We were fortunate to receive grant aid through Higher Level Stewardship for hedge-laying work. This funding was only available for a relatively short period so we were very pleased to have been successful in getting the funding and being able to crack on with it.
As it stood, the hedge was of relatively low value to wildlife, as anyone who has surveyed it over the last 5 years will be able to confirm. It had been neglected for many years, had little lateral growth and seldom produced any berries. It was more like a line of little trees that had been planted too close together than a hedge. Hardly any birds attempted nesting in it although magpies found the hedge a desirable location. Although it looks a bit sad at the moment in its recently chopped state, we can guarantee that it will harbour much more wildlife next year and in the years to come.

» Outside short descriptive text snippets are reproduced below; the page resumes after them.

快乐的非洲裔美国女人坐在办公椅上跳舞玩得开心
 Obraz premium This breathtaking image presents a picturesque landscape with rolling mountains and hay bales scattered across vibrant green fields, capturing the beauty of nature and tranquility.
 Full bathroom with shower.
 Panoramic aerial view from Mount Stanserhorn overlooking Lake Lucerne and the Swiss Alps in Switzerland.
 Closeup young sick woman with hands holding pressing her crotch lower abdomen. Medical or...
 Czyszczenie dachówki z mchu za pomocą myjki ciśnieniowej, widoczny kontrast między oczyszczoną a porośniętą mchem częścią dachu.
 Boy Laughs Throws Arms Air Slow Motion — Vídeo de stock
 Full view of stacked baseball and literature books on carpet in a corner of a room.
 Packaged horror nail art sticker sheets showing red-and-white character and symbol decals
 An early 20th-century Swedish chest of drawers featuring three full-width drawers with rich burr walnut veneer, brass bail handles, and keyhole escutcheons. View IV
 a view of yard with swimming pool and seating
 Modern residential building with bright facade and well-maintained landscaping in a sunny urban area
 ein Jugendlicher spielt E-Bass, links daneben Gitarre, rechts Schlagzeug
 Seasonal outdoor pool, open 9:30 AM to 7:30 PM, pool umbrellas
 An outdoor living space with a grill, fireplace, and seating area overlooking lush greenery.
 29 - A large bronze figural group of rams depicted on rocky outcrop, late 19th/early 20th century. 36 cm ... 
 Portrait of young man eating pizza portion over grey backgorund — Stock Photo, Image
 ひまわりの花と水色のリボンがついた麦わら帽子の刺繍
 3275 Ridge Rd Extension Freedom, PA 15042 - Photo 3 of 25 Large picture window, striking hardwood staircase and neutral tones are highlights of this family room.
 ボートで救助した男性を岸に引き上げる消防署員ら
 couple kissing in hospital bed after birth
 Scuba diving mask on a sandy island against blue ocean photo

We have also planted a considerable length of new hedge. If you put our site in its local context, it’s great that our neighbour’s hedges are also still relatively young . This means that we now have a very healthy age-mosaic in the area with every stage from new to old as well as laid, flailed and un-managed hedges within a mile radius. We hope that some of our neighbours may follow our example and lay their hedges as they mature in years to come.
Hedge-laying is a traditional method of prolonging the life of a hedge and creating a stock-proof barrier. The first hedge-layers may not have realised that they were also creating a fantastic wildlife habitat at the same time. The new vertical growth of stems that arises in the spring to cross the laid horizontal branches, provides a wonderful nesting and feeding area for smaller birds and animals, protected from predators by a thorny screen. We are confident that we will add linnet to the nesting birds in the hedgerow along with a number of the other typical farmland/woodland edge species and if we are very lucky, yellowhammer too (we have left the occasional tall hawthorn as a song perch for them). The shrubs will also flower and fruit more vigorously (incidentally, this technique works well in the garden too!)
Local folk may like to know that the hedge is laid in the ‘Lancashire style’ by one of the few local experts in this craft.
We have fenced the hedge off from the grazers, leaving a wide strip of ground into which the hedge can expand. This will create a broad-based hedge which will be of much greater value than the narrow-based old hedge we started with. The rough grassland edge that will develop next year we hope will be the perfect place for grey partridges to nest.
The hedge was casting a shade on the flora which I think will be evident when we see next year’s growth of flowering plants. It was also shading out the ditch on the inland side. This is known to be a negative factor for another of our special wildlife species, the water vole, as well as of course suppressing aquatic plant growth.
Now its done we can’t wait for the spring to see the hedge take off!